Rajie -- Watashi wa Suteki （わたしはすてき）(1979)
A track from Rajie's 1979 "Quatre" album, Sakamoto created this funky late 1970s Bee Gees-esque tune along with Akiko Yano（矢野顕子）. It's got the technopop in there, too, but it's not merely a YMO song with Rajie as the featured guest vocalist. The singer is leading the way here with her high and floaty voice about the "Nantonaku Crystal" lifestyle in the big city.
Taeko Ohnuki -- Decade Night (1980)
Choosing one from the Ohnuki/Sakamoto file was quite the task considering that the two had worked together on oodles of material for several years from the late 70s well into the 1980s. Ultimately, though, I had to go with "Decade Night" from "Romantique", Ohnuki's（大貫妙子）1980 album and the LP that introduced a new direction for the singer-songwriter. Sakamoto produced "Romantique" and a majority of its tracks including the enigmatically attractive and quirky "Decade Night" that simultaneously reminds me of New Wave, avant-garde and a 1960s Hollywood romance soundtrack.
NHK Jido Gassho Dan -- Computer Obaachan （コンピューターおばあちゃん）(1981)
Sakamoto was applying that technopop touch through a number of genres at that particular time, so he probably figured why not do the same to the kiddies' song. And so he arranged Ryoichi Ito's（伊藤良一） "Computer Obaachan" about one cool senior citizen as a popular song on NHK's "Minna no Uta"（みんなのうた） series.
Hiromi Go -- Hiromi-kyo no Hanzai（比呂魅卿の犯罪）(1983)
The Professor produced Hiromi Go's（郷ひろみ）album "Hiromi-kyo no Hanzai" and he composed the unique breezy and futuristic-feeling title track with Miyuki Nakajima's（中島みゆき）lyrics. Go's resigned voiceovers and Sakamoto's fleet-footed synthpop might bring images of "Blade Runner" but I can't help but think that the actual setting for the song is much more of a crystalline utopia.
Mari Iijima -- Blueberry Jam (1983)
If Sakamoto can provide a catchy technopop tune for a former aidoru of the 1970s, then he can do the same thing for a singer who played a fictional aidoru of the future from a beloved anime franchise. Indeed, I'm talking about Mari Iijima（飯島真理）and her creation of "Blueberry Jam" from the 1983 "Rosé" album. The song is supremely bouncy like an aidoru tune but it's got that Sakamoto sheen and I can even imagine Lynn Minmay singing that one on the SDF-1.
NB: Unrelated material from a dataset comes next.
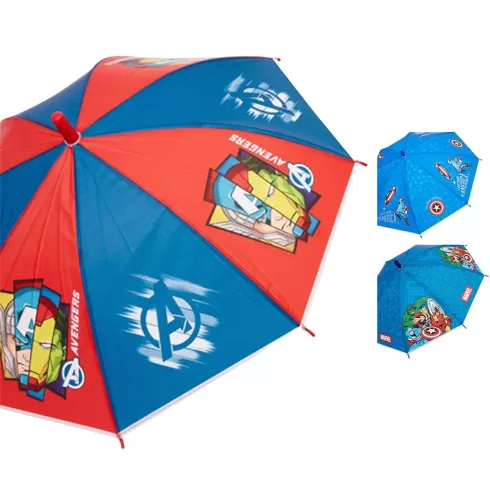 Παιδική ομπρέλα Avengers Υ60cm Φ76cm μπλε-κόκκινο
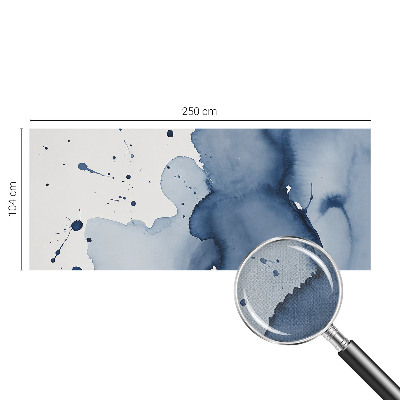 Fototapet för barn Marinblå stänk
Miki Imai -- Martinique no Kaze （Martinique の海風） (1994)
As much as I wanted to put up a cover of this song by Miki Imai（今井美樹）, I think only the original version as partially provided at iTunes displays the Sakamoto-ness of this mix of synthpop and bossa nova. I mean, up to the time that I got her 1994 album "A Place in the Sun", I had never thought a melding of these two genres was possible but I was happily proven wrong. "Martinique no Kaze" is easily my favourite track on the album because of this fusion, Imai's vocals and Sakamoto's piano solo.
Miki Nakatani -- Kinokhronika (1997)
My final entry for earworm Sakamoto goodness is Miki Nakatani's（中谷美紀）"Kinokhronika" from her "cure" album. At this point, it was verging on the 20th anniversary of the formation of YMO, but Sakamoto could still come up with the techno dance beats. Just imagine him holding court in the clubs. If I need an energy boost, I sometimes listen to this one.
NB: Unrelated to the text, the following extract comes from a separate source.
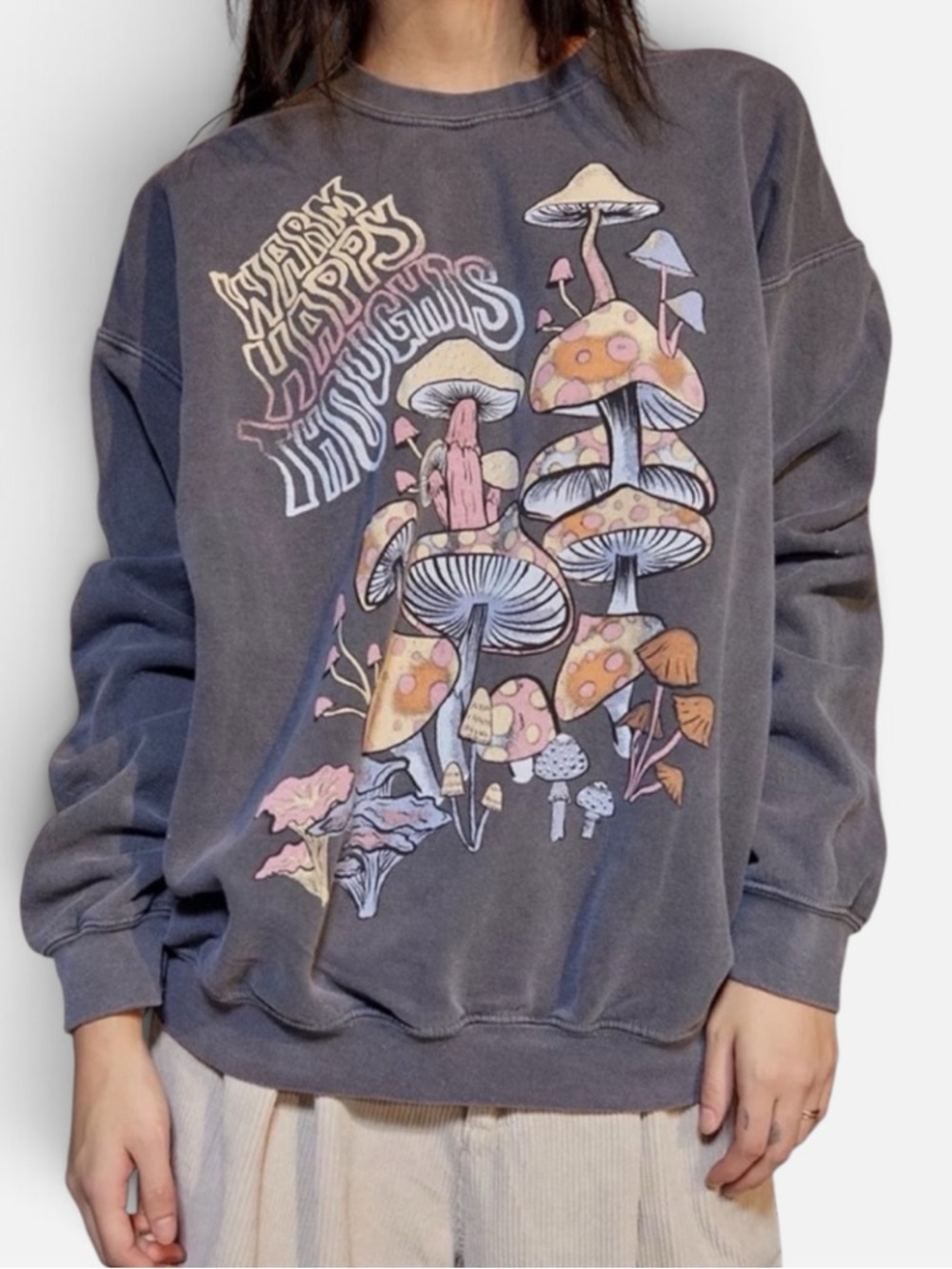Project Social T ♥️ Urban Outfitters Warm Happy Thoughts Sweatshirt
As mentioned all the way up at the top, these examples are just a fraction of what Sakamoto has done, and it certainly looks like I've only scratched the surface of what I know of his works. However, these eight songs by the Professor are among my favourites, but I've caught a glimpse of some of these other Sakamoto works that have been unknown to me and I'll feature them in a second tribute in the near future.